# need help....facebook



## motdaugrnds (Jul 3, 2002)

I made a mess of trying to set up a facebook page.

I filled out the information, got an email verification some time ago. Tried to log into account today and cannot; so started setting up another account using same email address. Now there is apparent confusion and I don't know how to straighten it out.

Every attempt I make to find out what to do only sends me to "automated" information that is not helpful

I need to delete the initial account, then use a different name with the same email address as had been used with the initial account. Can anyone direct me in this?


----------



## meanwhile (Dec 13, 2007)

Yes, I would also say click the "forgot password" or if there is a forgot user name, try that.

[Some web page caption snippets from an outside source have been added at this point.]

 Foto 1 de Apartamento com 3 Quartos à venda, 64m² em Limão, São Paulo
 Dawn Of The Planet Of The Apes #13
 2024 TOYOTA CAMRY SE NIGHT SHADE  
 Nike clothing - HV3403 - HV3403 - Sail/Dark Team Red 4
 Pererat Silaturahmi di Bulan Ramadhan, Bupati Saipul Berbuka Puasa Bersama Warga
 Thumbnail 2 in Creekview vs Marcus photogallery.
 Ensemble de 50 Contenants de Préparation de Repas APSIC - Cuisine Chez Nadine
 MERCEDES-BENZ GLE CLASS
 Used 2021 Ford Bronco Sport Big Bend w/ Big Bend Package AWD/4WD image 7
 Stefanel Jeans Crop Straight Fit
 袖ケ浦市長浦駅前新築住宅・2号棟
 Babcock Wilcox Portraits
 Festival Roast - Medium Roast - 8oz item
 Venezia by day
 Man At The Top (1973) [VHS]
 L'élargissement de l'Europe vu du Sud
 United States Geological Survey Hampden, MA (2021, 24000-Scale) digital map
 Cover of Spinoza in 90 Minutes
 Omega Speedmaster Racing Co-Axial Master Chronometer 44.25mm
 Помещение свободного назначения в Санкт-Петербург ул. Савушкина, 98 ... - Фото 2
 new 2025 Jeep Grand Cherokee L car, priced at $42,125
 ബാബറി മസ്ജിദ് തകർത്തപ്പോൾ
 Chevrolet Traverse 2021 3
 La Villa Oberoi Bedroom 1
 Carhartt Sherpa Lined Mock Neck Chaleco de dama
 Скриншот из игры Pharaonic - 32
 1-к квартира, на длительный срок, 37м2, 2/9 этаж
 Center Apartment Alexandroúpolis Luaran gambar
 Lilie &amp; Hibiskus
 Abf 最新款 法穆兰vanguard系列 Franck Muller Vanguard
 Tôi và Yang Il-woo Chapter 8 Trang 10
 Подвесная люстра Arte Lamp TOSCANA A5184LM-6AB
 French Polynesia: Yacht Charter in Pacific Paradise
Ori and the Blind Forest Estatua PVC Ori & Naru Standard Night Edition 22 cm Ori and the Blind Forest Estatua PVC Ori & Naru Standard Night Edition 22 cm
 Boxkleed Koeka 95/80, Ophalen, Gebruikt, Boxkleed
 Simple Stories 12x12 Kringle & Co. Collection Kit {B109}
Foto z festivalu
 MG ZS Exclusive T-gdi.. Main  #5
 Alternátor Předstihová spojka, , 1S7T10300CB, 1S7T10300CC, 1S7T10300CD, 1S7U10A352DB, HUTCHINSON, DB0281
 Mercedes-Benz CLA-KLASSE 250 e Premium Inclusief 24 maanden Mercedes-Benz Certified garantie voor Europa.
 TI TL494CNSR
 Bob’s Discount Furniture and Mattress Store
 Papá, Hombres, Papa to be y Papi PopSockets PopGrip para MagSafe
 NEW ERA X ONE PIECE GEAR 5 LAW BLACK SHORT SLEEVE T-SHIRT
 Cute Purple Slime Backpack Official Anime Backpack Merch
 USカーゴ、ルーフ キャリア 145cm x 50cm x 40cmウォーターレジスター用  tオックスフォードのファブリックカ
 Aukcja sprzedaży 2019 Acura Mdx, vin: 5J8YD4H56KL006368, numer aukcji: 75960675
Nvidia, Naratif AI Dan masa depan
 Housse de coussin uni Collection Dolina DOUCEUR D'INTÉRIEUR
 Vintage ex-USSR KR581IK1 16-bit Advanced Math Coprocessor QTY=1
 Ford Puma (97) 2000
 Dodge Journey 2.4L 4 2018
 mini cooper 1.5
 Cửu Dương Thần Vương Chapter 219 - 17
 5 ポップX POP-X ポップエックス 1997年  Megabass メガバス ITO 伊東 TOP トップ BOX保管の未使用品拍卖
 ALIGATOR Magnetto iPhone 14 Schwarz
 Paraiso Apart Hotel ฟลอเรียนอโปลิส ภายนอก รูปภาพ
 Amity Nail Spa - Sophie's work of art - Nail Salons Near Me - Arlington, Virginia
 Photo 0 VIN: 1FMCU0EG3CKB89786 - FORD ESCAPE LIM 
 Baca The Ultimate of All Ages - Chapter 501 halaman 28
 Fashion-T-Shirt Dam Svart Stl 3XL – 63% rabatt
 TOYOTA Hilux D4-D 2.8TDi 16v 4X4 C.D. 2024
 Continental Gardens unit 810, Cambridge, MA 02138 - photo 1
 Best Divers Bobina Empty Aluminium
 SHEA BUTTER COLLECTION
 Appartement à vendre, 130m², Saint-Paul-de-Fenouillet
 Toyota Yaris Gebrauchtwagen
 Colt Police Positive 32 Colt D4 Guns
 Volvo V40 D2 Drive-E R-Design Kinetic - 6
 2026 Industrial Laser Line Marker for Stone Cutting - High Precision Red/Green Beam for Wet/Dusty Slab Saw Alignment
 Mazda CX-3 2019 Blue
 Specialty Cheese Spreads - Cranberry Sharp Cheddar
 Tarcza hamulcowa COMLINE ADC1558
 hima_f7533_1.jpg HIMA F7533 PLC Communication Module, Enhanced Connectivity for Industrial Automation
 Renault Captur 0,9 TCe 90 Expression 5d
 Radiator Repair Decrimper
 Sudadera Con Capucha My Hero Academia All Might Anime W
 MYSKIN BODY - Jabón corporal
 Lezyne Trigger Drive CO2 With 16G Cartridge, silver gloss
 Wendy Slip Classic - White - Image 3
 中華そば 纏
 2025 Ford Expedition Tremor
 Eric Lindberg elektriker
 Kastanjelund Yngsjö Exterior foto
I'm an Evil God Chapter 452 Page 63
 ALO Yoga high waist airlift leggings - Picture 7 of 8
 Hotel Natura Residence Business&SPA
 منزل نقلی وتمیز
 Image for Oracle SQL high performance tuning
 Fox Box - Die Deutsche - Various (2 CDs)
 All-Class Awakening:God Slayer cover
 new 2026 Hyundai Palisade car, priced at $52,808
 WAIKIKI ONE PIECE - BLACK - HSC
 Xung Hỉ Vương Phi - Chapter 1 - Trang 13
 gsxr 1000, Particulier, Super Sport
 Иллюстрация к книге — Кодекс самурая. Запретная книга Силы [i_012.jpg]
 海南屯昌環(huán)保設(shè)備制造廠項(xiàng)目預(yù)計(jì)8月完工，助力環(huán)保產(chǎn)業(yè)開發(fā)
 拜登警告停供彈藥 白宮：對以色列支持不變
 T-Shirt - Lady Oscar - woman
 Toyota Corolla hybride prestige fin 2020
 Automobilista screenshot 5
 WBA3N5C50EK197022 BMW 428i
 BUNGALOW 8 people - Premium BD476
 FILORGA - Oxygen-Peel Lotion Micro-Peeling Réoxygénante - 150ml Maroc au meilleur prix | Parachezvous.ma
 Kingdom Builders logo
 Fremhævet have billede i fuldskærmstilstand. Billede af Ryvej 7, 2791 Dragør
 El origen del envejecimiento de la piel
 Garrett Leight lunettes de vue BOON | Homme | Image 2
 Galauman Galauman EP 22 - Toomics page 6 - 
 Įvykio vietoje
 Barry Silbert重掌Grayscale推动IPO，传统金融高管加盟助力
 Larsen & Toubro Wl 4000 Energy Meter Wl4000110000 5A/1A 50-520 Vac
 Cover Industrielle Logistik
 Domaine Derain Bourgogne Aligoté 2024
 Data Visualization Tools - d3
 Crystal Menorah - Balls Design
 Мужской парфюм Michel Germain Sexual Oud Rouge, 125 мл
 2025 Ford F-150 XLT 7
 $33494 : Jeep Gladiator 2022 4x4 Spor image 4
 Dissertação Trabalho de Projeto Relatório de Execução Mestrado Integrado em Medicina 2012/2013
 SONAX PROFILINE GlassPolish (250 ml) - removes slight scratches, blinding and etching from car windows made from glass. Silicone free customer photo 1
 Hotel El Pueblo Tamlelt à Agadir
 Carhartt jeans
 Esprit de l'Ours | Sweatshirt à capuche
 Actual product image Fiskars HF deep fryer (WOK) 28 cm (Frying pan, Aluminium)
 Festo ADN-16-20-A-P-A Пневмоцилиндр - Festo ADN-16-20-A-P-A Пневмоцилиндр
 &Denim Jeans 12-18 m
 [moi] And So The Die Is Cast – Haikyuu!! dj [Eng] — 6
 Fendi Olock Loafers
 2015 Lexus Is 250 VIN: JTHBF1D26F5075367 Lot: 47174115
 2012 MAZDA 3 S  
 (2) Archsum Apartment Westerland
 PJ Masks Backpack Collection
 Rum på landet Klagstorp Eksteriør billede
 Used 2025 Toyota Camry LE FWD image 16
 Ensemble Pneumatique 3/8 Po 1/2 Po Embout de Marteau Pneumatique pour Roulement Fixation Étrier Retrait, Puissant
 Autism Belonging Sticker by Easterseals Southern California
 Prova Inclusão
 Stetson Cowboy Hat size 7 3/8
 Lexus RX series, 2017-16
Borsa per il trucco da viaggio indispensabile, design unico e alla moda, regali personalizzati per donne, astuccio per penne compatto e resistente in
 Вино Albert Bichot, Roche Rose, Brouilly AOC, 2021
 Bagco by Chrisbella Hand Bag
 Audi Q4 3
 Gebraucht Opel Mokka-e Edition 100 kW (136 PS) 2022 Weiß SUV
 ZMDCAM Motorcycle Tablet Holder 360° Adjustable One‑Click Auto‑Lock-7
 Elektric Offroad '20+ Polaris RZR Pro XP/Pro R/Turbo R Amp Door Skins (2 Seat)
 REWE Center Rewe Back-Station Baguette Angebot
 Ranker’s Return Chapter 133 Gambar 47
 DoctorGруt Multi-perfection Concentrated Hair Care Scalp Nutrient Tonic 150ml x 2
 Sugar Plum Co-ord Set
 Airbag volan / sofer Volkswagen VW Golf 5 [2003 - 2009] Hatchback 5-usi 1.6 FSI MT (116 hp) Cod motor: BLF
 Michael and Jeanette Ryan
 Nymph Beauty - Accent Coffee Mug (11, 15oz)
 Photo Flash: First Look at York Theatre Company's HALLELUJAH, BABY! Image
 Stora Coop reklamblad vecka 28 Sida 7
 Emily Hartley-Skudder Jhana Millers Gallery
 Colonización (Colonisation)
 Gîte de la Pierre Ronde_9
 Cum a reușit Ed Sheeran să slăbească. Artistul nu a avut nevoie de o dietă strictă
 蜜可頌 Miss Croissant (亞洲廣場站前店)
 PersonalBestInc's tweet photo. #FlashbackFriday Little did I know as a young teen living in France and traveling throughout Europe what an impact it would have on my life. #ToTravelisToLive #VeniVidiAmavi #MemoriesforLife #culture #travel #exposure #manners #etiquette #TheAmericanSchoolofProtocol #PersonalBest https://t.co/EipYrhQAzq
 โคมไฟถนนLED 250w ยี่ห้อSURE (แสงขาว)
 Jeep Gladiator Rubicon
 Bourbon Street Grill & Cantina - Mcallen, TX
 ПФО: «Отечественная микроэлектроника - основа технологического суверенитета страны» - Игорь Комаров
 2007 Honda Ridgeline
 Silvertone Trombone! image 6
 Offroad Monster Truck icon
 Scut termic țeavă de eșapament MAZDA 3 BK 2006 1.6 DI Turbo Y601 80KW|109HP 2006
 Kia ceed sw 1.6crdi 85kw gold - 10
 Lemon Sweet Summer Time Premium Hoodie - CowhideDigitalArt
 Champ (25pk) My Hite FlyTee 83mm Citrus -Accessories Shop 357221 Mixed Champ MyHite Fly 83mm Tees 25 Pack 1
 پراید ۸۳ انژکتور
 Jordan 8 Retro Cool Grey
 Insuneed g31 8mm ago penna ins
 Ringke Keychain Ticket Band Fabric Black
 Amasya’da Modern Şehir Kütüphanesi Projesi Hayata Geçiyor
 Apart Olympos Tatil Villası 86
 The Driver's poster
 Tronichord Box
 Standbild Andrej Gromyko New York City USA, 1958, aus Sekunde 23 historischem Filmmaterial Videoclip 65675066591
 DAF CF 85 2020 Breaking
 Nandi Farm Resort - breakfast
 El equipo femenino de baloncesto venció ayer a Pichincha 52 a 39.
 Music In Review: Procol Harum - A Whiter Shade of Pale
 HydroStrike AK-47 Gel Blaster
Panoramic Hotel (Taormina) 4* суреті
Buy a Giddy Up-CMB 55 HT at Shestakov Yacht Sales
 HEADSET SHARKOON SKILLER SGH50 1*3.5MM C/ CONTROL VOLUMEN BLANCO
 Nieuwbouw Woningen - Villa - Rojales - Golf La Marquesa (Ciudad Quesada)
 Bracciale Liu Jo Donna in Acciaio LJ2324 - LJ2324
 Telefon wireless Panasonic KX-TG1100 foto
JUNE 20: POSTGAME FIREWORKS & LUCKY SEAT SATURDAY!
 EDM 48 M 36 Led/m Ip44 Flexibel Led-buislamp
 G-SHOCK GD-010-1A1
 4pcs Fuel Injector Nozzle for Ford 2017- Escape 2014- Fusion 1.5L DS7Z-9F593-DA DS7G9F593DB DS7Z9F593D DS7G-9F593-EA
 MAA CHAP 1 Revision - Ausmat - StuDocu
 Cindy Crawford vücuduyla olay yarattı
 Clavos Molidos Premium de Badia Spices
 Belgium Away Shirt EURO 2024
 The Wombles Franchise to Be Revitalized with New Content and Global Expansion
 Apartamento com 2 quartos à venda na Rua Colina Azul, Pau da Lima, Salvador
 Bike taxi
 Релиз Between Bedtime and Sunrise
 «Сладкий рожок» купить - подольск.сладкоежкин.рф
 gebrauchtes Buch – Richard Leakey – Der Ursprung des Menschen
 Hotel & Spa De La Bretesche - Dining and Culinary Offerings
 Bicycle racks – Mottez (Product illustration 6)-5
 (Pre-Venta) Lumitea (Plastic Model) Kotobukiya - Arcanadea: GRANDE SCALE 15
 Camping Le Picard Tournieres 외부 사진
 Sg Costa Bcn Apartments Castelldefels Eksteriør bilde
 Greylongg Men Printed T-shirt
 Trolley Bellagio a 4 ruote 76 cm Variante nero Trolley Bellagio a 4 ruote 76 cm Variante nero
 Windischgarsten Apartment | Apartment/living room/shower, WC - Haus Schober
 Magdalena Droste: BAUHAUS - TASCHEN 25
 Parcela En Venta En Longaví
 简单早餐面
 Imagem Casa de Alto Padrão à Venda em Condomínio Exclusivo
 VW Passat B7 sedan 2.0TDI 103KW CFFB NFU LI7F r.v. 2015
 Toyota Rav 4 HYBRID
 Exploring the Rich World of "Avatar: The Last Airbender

Also, when the same thing happened to me, I had to wait 24 hours between attempts. I do not know how I finally fixed it. It is frustrating and a mess but once you get it working, it is worth it as a tool.


----------



## motdaugrnds (Jul 3, 2002)

Yes, I managed to change the password; but it is the user name I am having problems with; and since I tried to start a new one in my attempt to fix it, my account is seen as suspicious. 

I hand-wrote the company about this and hope they can help me fix it.


----------



## mzgarden (Mar 16, 2012)

Is it an option to create a new email ID and start over?


----------



## motdaugrnds (Jul 3, 2002)

I've tried that too. I finally wrote the company a personal letter..not email. So, I'm hoping someone in that office will respond and help me straighten this mess out.


----------